DocsVoiceSpeech to Text

Speech-to-Text (STT)

Speech-to-Text (STT) in Mastra provides a standardized interface for converting audio input into text across multiple service providers. This section covers STT configuration and usage. Check out the Adding Voice to Agents documentation to learn how to use STT in an agent.

Speech Configuration

To use STT in Mastra, you need to provide a listeningModel configuration when initializing the voice provider. This configuration includes parameters such as:

  • name: The specific STT model to use.
  • apiKey: Your API key for authentication.
  • Provider-specific options: Additional options that may be required or supported by the specific voice provider.

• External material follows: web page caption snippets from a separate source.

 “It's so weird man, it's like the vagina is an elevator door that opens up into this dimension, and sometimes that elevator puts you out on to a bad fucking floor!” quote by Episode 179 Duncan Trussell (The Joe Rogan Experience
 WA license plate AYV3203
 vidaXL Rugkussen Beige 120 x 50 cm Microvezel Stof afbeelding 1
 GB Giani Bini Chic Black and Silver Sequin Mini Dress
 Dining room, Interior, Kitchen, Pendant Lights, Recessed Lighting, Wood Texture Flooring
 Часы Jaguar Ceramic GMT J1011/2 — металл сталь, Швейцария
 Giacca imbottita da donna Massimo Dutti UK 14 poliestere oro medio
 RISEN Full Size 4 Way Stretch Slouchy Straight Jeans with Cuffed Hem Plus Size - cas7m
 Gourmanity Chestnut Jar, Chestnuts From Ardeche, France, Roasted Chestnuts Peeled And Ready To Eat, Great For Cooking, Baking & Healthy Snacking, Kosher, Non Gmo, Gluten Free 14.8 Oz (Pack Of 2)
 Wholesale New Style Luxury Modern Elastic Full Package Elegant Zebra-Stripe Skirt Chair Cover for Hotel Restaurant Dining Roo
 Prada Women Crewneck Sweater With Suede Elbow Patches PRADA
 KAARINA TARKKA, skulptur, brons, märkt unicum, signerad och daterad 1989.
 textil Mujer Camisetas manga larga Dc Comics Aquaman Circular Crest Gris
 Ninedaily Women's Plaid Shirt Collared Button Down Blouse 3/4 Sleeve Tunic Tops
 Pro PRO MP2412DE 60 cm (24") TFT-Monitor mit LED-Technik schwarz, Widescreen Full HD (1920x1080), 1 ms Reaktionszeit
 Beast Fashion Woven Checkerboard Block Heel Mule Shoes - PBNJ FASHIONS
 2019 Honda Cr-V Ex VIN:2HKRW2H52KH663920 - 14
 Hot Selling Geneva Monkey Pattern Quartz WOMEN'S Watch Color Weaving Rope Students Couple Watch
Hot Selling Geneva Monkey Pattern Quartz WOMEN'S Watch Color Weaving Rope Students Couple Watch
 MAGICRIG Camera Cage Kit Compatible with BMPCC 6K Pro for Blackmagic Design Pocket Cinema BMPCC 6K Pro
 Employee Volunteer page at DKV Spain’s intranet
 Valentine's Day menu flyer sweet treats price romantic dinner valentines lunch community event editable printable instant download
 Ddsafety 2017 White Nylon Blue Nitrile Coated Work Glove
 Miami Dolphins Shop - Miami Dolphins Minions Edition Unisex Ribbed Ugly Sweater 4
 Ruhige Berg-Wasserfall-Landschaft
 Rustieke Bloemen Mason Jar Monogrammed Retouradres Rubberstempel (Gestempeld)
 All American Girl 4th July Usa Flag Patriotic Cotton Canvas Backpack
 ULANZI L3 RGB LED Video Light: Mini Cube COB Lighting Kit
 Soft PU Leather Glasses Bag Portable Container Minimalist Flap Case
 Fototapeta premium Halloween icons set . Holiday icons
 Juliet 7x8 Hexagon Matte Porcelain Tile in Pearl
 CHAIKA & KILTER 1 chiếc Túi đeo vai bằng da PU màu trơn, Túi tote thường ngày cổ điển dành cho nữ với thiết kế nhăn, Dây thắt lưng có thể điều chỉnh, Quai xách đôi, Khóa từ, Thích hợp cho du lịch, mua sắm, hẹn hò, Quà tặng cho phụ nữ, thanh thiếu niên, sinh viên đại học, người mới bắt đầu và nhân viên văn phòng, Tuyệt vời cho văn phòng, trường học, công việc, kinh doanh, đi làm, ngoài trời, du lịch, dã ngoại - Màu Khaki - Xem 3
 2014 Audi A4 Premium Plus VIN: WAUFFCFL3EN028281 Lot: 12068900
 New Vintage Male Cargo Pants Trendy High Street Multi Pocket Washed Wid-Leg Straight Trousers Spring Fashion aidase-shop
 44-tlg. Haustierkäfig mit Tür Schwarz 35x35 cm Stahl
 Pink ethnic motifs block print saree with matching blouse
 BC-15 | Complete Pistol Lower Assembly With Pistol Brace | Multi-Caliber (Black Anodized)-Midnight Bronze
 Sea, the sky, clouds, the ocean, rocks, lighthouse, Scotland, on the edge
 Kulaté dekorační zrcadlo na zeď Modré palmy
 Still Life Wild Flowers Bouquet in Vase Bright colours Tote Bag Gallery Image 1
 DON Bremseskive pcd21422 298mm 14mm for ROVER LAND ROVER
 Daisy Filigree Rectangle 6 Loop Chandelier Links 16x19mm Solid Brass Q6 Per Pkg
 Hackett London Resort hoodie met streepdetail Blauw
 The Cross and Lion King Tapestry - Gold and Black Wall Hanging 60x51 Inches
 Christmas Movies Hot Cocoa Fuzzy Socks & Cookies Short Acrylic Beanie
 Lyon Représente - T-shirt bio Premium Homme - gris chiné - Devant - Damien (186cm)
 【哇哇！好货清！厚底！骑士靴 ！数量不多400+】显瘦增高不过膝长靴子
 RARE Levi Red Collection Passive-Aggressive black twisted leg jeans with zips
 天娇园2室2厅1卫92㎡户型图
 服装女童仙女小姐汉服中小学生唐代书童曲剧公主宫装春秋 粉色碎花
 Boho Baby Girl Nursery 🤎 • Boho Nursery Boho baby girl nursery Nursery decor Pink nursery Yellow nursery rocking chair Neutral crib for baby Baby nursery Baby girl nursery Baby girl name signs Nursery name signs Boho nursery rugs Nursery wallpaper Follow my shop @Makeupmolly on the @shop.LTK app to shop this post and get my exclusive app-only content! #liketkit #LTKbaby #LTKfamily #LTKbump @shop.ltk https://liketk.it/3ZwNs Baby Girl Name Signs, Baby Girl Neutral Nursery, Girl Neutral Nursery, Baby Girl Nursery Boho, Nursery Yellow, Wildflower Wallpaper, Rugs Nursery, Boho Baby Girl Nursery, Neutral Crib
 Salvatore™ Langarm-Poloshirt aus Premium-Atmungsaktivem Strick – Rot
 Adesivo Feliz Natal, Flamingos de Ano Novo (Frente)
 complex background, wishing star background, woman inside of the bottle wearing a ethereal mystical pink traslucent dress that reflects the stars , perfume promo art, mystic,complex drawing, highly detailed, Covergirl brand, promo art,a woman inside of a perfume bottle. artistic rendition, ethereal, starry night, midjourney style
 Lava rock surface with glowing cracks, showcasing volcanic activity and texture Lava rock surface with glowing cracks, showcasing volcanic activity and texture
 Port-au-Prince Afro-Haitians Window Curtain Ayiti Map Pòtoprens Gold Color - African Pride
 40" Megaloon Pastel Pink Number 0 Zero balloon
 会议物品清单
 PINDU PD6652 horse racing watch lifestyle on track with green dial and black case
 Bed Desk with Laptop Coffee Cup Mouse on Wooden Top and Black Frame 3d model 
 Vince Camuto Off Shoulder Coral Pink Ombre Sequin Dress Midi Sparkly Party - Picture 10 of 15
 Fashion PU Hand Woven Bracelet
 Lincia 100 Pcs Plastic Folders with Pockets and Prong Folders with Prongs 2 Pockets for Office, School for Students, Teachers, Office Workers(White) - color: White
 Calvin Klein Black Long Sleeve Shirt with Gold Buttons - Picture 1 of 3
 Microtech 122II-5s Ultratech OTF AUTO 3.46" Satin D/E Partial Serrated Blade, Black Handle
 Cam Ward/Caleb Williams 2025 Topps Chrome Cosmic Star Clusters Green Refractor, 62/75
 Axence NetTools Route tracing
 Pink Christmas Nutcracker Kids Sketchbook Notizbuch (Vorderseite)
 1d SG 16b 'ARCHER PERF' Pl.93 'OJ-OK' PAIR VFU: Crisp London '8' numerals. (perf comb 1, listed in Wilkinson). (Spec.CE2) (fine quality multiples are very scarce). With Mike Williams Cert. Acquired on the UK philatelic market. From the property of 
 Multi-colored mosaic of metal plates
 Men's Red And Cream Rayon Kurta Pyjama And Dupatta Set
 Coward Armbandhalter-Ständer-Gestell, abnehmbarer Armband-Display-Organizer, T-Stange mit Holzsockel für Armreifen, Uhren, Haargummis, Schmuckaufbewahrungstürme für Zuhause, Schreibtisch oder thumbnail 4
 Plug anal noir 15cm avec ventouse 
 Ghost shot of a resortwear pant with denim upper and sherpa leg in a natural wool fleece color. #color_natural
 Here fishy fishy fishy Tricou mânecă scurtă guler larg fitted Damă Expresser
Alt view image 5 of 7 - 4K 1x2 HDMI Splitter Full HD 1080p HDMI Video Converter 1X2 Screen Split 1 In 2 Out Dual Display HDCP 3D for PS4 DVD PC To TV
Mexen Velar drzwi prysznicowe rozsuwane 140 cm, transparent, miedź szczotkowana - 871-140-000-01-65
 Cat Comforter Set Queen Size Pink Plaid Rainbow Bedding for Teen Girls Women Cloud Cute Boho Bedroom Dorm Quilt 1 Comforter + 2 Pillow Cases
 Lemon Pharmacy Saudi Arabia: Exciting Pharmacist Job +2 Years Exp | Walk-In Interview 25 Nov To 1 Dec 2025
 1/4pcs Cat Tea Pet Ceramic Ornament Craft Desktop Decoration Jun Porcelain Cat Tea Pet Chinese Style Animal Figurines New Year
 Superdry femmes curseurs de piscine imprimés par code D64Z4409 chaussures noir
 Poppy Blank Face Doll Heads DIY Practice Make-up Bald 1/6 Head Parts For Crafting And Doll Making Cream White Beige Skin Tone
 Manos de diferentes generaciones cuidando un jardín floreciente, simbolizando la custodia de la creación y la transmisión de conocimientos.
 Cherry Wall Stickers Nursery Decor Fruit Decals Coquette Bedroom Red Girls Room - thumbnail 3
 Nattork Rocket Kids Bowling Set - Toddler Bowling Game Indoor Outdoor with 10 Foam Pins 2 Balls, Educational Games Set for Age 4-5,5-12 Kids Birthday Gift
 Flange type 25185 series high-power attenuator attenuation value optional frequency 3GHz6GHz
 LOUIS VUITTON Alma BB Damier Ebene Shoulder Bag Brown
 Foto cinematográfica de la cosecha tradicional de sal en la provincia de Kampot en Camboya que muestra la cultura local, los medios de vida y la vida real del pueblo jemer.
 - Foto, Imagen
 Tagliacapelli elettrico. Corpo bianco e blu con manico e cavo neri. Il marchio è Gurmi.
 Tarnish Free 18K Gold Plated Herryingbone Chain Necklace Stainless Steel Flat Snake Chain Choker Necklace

Note: All of these parameters are optional. You can use the default settings provided by the voice provider, which will depend on the specific provider you are using.

Example Configuration

const voice = new OpenAIVoice({
  listeningModel: {
    name: "whisper-1",
    apiKey: process.env.OPENAI_API_KEY,
  },
});
 
// If using default settings the configuration can be simplified to:
const voice = new OpenAIVoice();

Using the Listen Method

The primary method for STT is the listen() method, which converts spoken audio into text. Here’s how to use it:

const audioStream = getMicrophoneStream(); // Assume this function gets audio input
const transcript = await voice.listen(audioStream, {
  filetype: "m4a", // Optional: specify the audio file type
});

Note: If you are using a voice-to-voice provider, such as OpenAIRealtimeVoice, the listen() method will emit a “writing” event instead of returning a transcript directly.